Material for this task:
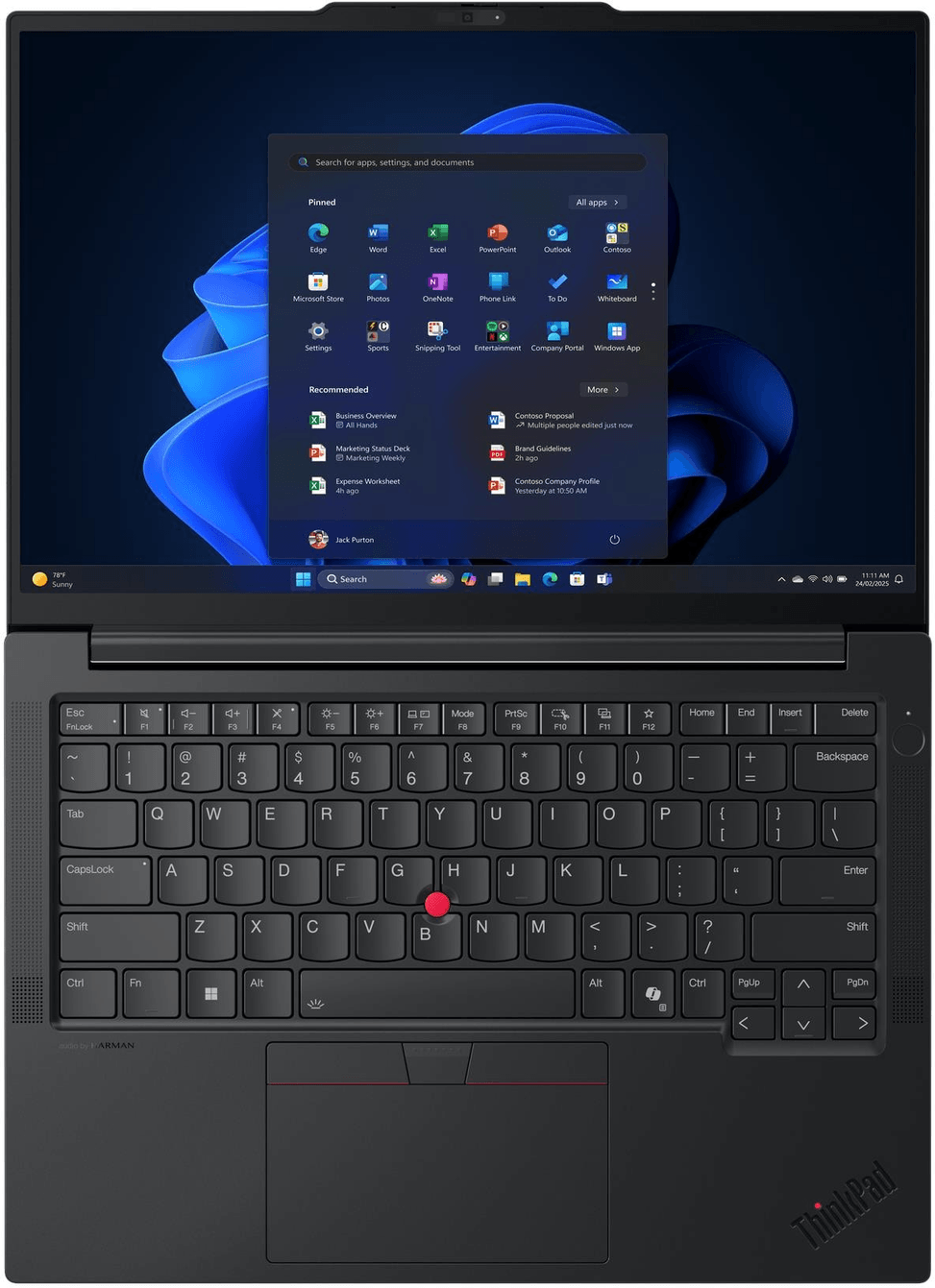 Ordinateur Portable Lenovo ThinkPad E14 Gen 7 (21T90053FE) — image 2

==

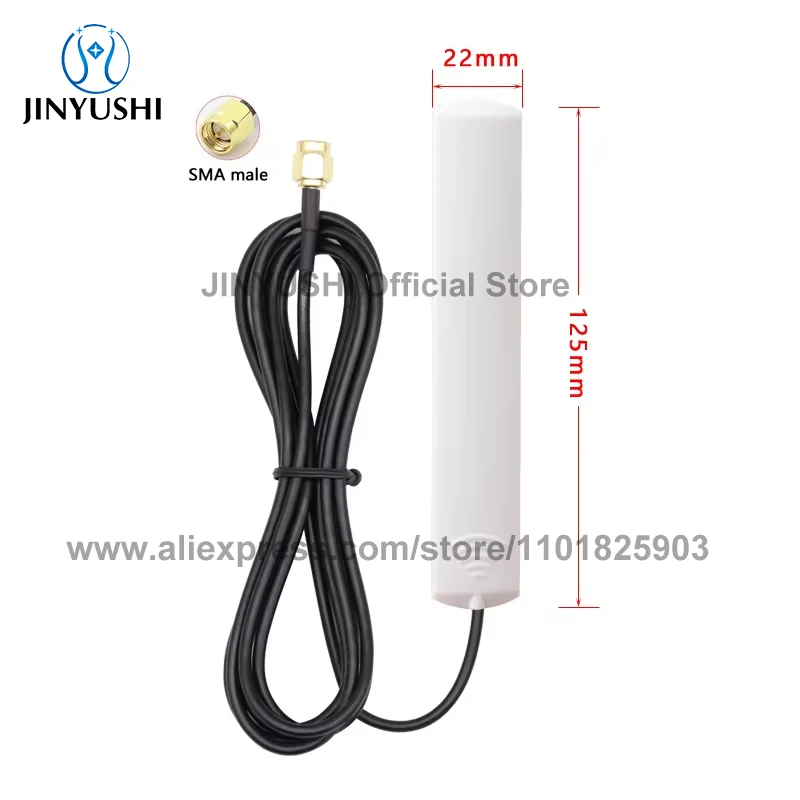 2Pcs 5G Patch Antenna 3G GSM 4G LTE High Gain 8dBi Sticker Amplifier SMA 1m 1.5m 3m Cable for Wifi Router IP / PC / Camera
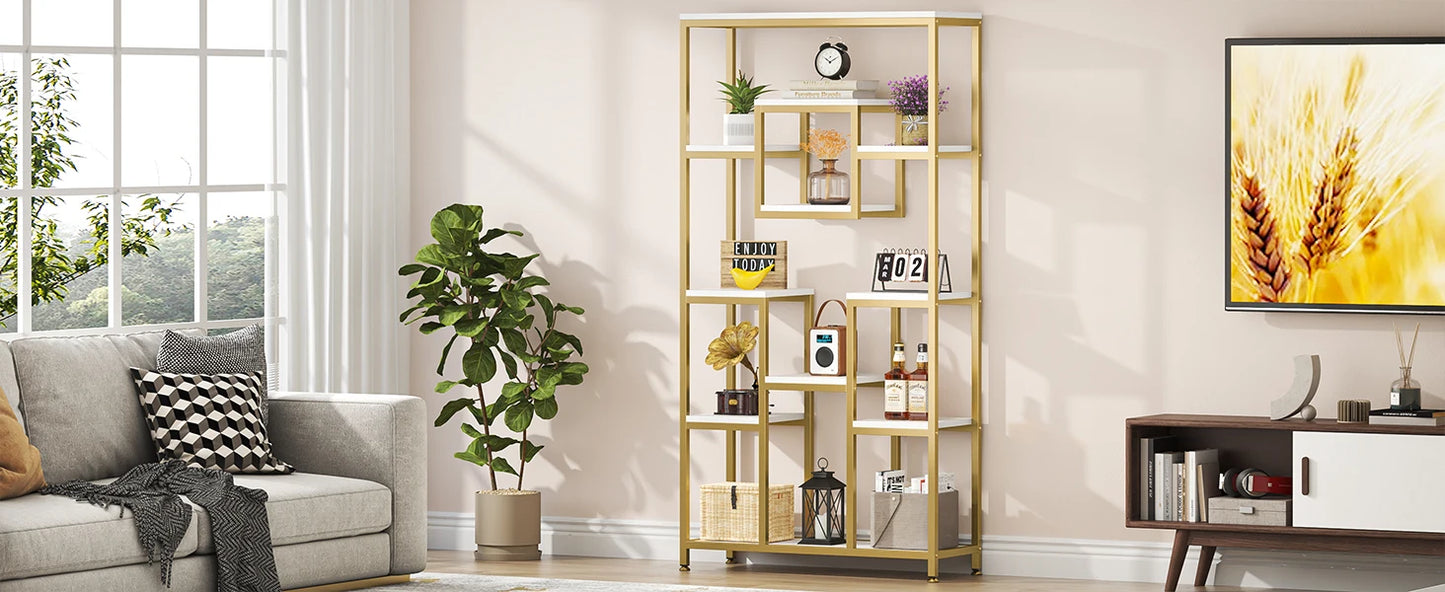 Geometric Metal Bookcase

* * *

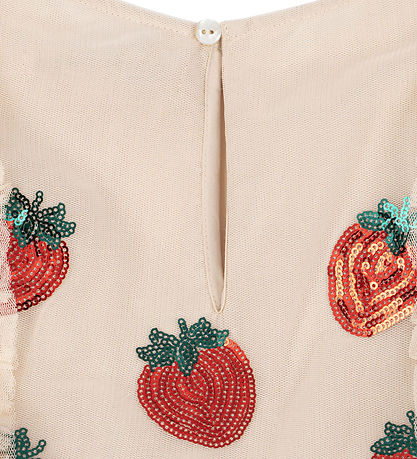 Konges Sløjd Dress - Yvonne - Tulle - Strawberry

What to produce:
In the entries above, find the line containing "2Pcs 5G Patch" and the line containing "Geometric Metal Bookcase"; give again exactly those two lines and every line between them, minus the pictures.

Worked solution:
 2Pcs 5G Patch Antenna 3G GSM 4G LTE High Gain 8dBi Sticker Amplifier SMA 1m 1.5m 3m Cable for Wifi Router IP / PC / Camera
 Geometric Metal Bookcase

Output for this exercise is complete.